Jika penyair mahir mengkonkretkan kata-kata yang, maka pembaca seolah-olah
melihat apayang dilukiskan penyair. Dengan demikian pembaca terlibat penuh
secara batin ke dalam puisinya.
Bahasa Figuratif
Penyair menggunakan bahasa yang bersusun-susun atau
berpigura sehingga disebut bahasa figuratif. Bahasa figuratif menyebabkan puisi
menjadi prismatis artinya memancarkan banyak makna atau kaya akan makna. Bahasa
figuratif adalah bahasa yang digunakan penyair untuk mengatakan sesuatu dengan
cara yang tidak biasa, yakni secara tidak langsung mengungkapkan makna.

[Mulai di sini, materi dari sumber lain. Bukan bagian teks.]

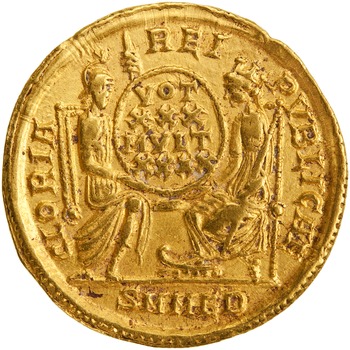 RIC VIII Mediolanum 2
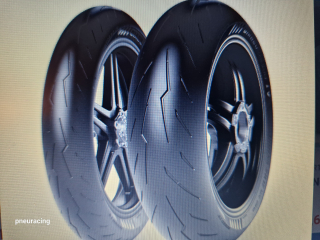 Pirelli Diablo Rosso IV   120/70ZR17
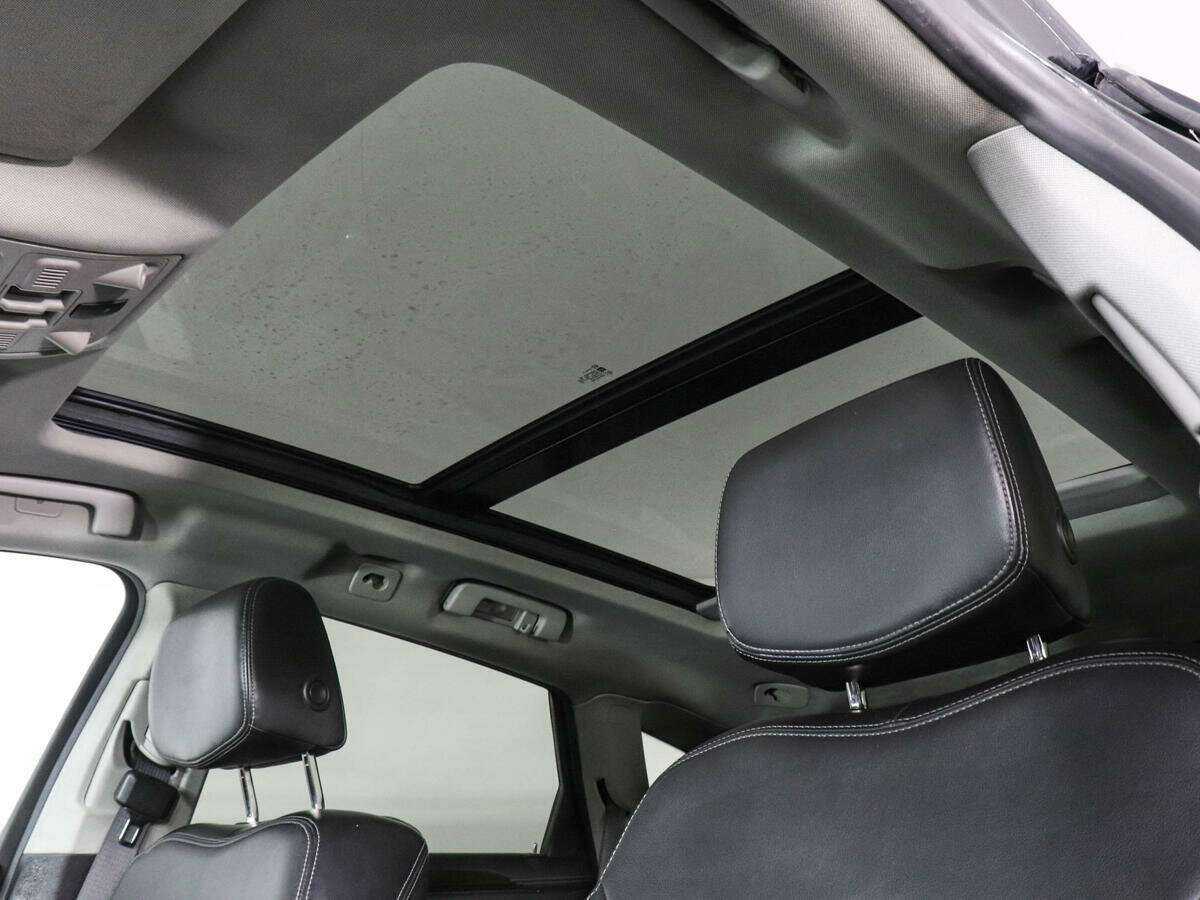 Купить Cadillac SRX с пробегом. Фото: #15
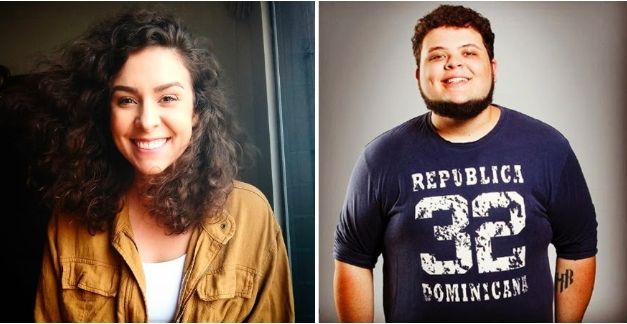 "Comediantes em Casa"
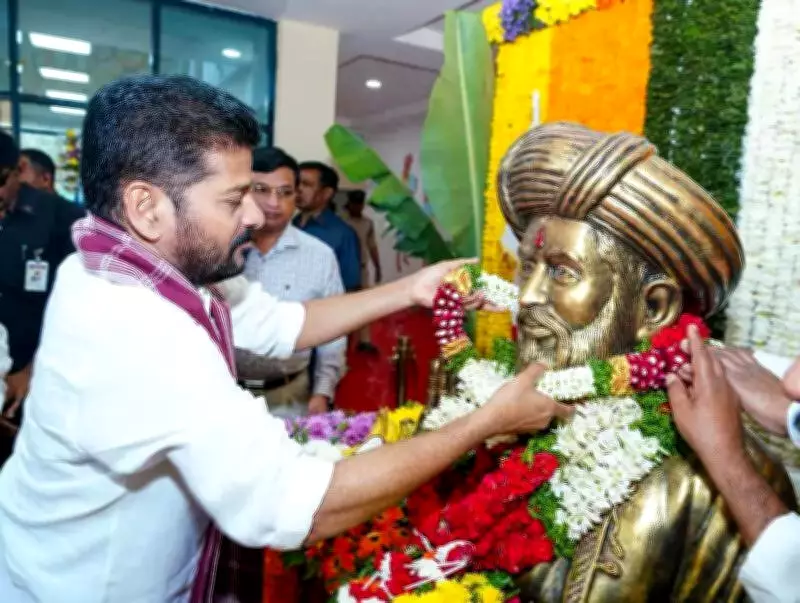 CM Revanth Reddy Credits Urban Voters' Mandate to Congress Govt's Performance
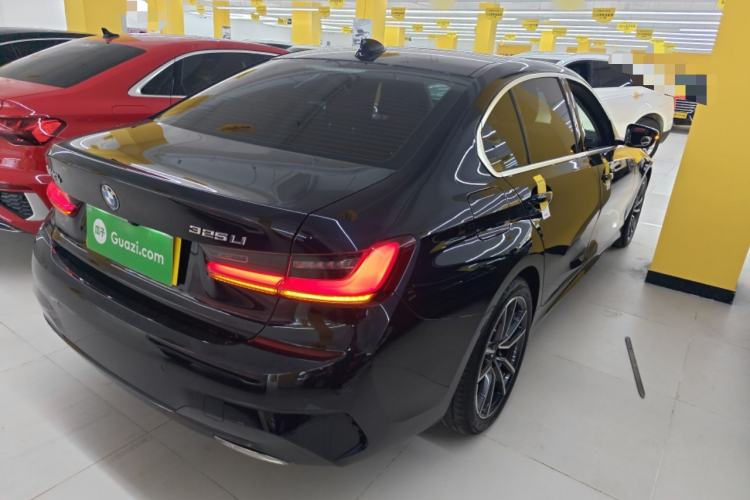 Used BMW 3 Series 2022 325Li M Sport Package
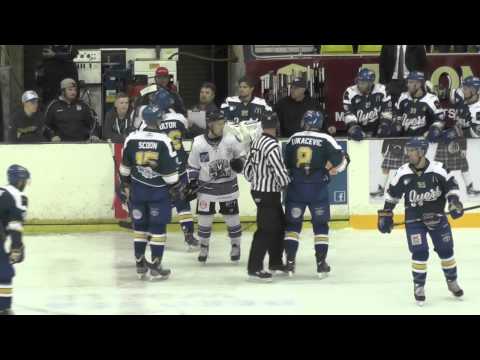 Fife Flyers vs Braehead Clan 27th Sept 2014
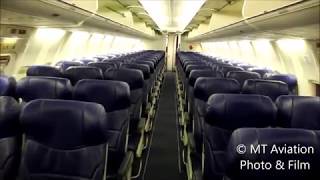 SWA 737700 cabin tour Evolve Blue [upl. by Merri180]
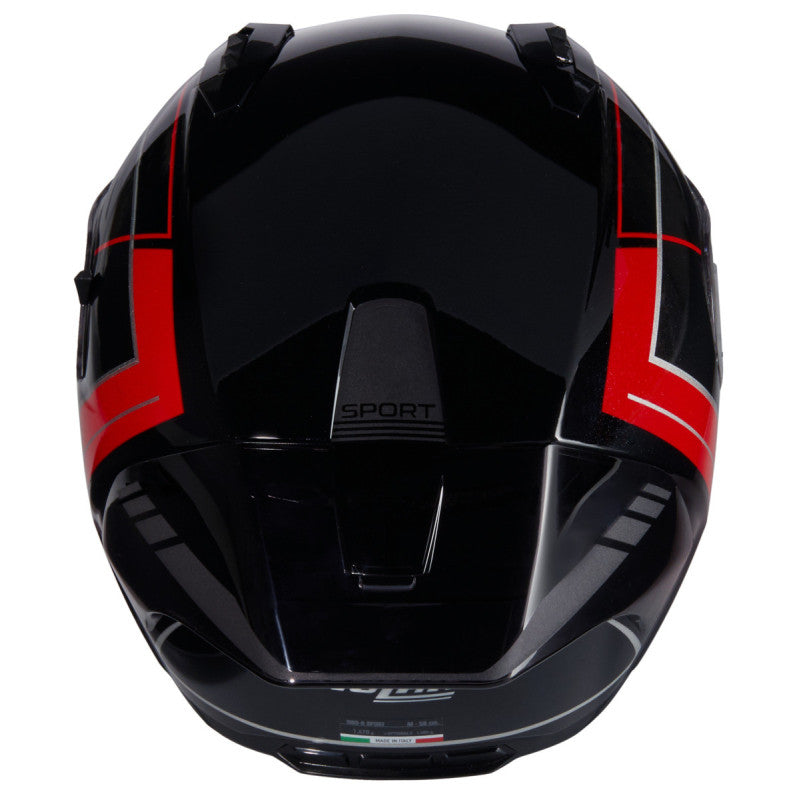 Casco Moto Nolan N60-6 Sport Mesmerico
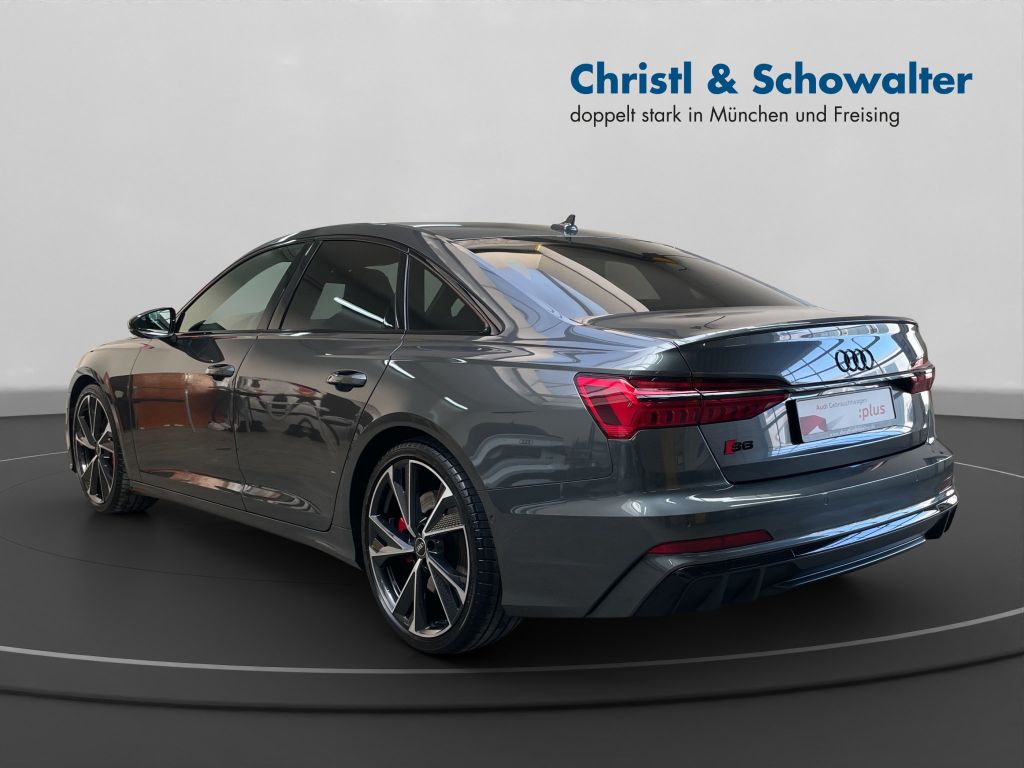 Audi S6 2024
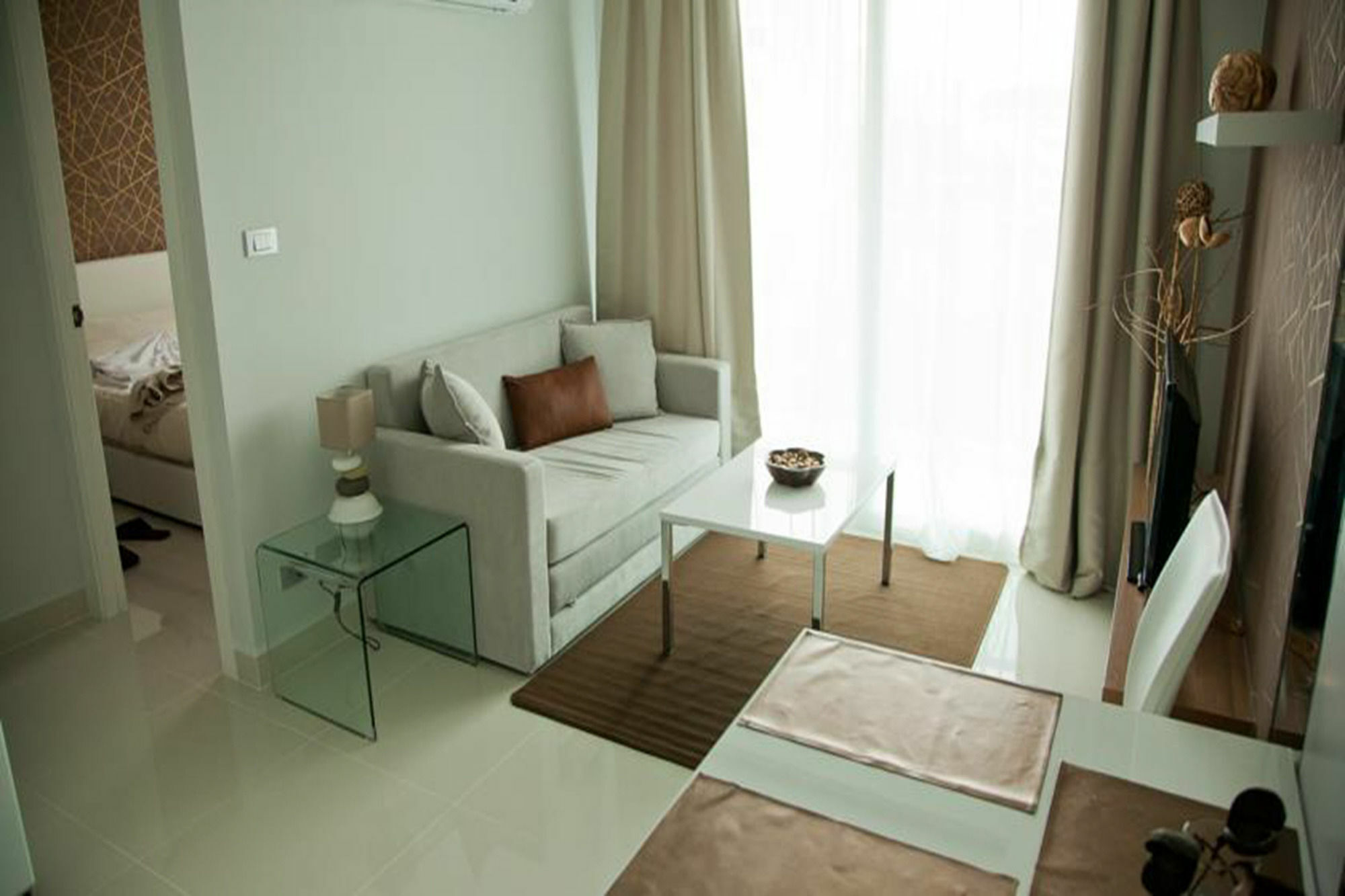 Amazon Pattaya Jomtien Apartments Buitenkant foto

Kata
atau bahasanya bermakna kias atau bermakna lambang.
Bahasa figuratif dipandang lebih efektif untuk apa
yang dimaksudkan penyair karena (1) bahasa figuratif mampu menimbulkan
kesenangan imajinatif, (2) bahasa figuratif adalah cara untuk menghasilkan
imaji tambahan dalam puisi, sehingga yang abstrak menjadi konkret menjadikan
puisi lebih nikmat dibaca, (3) bahasa figuratif adalah cara menambah intensitas
penyair untuk puisinya dan menyampaikan sikap penyair, (4) bahasa figuratif
adalah cara untuk mengkonsentrasikan makna yang hendak disampaikan dan cara
menyampaikan sesuatu yang yang banyak dan luas dengan bahasa yang singkat.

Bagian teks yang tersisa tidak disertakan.